Asparagus care and feeding is pretty simple. Every year in mid spring the green spears of asparagus emerge from the soil ready to be picked off by hand or cut. Once an asparagus bed is established it will continue to grow for years and years in the same spot with minimal attention.
In my garden asparagus grow tall and healthy. I think it’s because I never weed the rows of asparagus and because the asparagus are top dressed every year with up to 8” of hardwood ashes .
Hardwood ashes are a rich source of potassium and asparagus are heavy feeders of potassium.
I almost never feed the asparagus plants anything but ashes. But every 3 or 4 years or so, I’ll dump a load of well-rotted manure on top of the snow-covered beds. As the snow melts in the spring, the goodness of the manure is pulled down into the soil.
I don’t weed my asparagus beds after the first year they are put in.
Life is too short for that kind of nonsense. The beds will certainly grow weedy.
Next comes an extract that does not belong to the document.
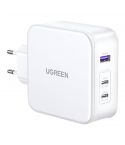 Ugreen CD289 Nexode 3 Ports PD Gan Fast Charger, 140W - White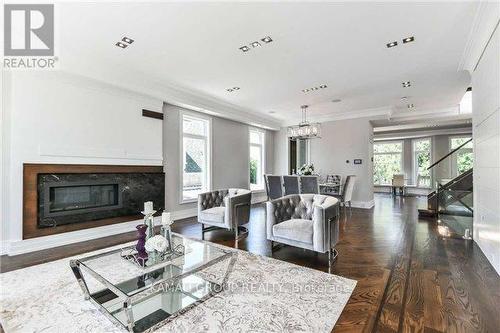 280 Poyntz Avenue, Toronto (Lansing-Westgate), ON - Indoor Photo Showing Living Room With Fireplace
But in the fall I burn off the asparagus fronds and the weeds after a hard killing frost. It’s an easy way to maintain the beds and the asparagus seem to thrive on being burned off in the fall.
In the spring I rake out the heaps of wood ash across the beds and sprinkle a small amount of loose agricultural or livestock salt. Salting the beds helps to keep the weeds down before the first asparagus spears appear and gives a month or two of perfect weed control.